PyYAML>=5.3: Installed. No version info available.
requests: 2.31.0
requests-toolbelt: 1.0.0
requests<3,>=2: Installed. No version info available.
rich: 14.1.0
SQLAlchemy<3,>=1.4: Installed. No version info available.
tenacity!=8.4.0,<10,>=8.1.0: Installed. No version info available.
tenacity!=8.4.0,<10.0.0,>=8.1.0: Installed. No version info available.
tiktoken<1,>=0.7: Installed. No version info available.
typing-extensions>=4.7: Installed. No version info available.
zstandard: 0.23.0

Answer 1 · 2025-09-18T13:55:33.000Z

use_responses_api=True

vllm doesn't yet support the OpenAI Responses API. vllm-project/vllm#14721

Unset the param and it should hopefully work (having issues with vllm on my MacBook; can't test)
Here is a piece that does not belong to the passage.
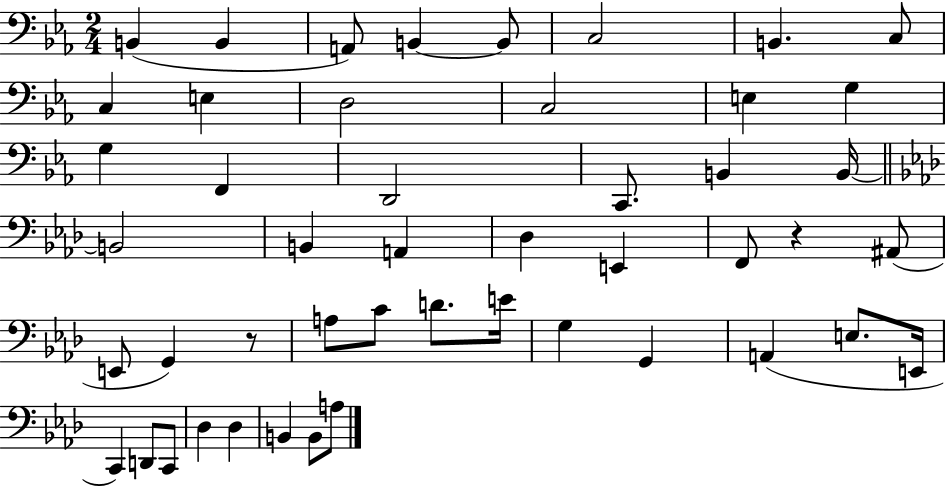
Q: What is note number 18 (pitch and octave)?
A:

Answer 2 · 2025-09-18T15:03:30.000Z

@mdrxy I have tried without use_responses_api=True.

from langchain_openai import ChatOpenAI
llm = ChatOpenAI(
    model="openai/gpt-oss-20b",
    base_url="http://localhost/v1",
    api_key="EMPTY",
    temperature=0.0,
    max_tokens=10000,
    timeout=180,
    max_retries=2
)

After bind_tools, my llm_with_tools can not return a AIMessage with tool_calls information. If I create my agent with langgraph create_react_agent function, then I will receive something like.
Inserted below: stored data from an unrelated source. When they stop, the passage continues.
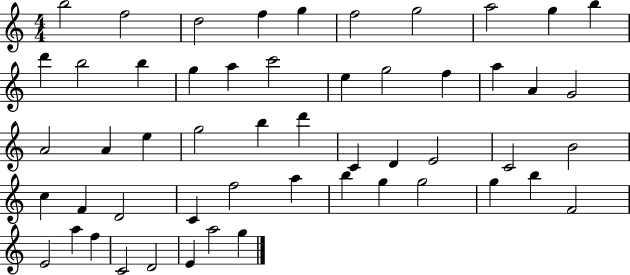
{
  \clef treble
  \numericTimeSignature
  \time 4/4
  \key c \major
  b''2 f''2 | d''2 f''4 g''4 | f''2 g''2 | a''2 g''4 b''4 | \break d'''4 b''2 b''4 | g''4 a''4 c'''2 | e''4 g''2 f''4 | a''4 a'4 g'2 | \break a'2 a'4 e''4 | g''2 b''4 d'''4 | c'4 d'4 e'2 | c'2 b'2 | \break c''4 f'4 d'2 | c'4 f''2 a''4 | b''4 g''4 g''2 | g''4 b''4 f'2 | \break e'2 a''4 f''4 | c'2 d'2 | e'4 a''2 g''4 | \bar "|."
}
Answer 3 · 2025-09-29T06:54:57.000Z

Hi, I faced the same issue... and just wondered if you have solve this problem or not..

Answer 4 · 2025-10-02T13:27:13.000Z

Hi @wldlsyy. I temporarily used openai-agents SDK to interact with GPS-OSS-20B model. You can install it by 'pip install openai-agents' while waiting any solutions to come later.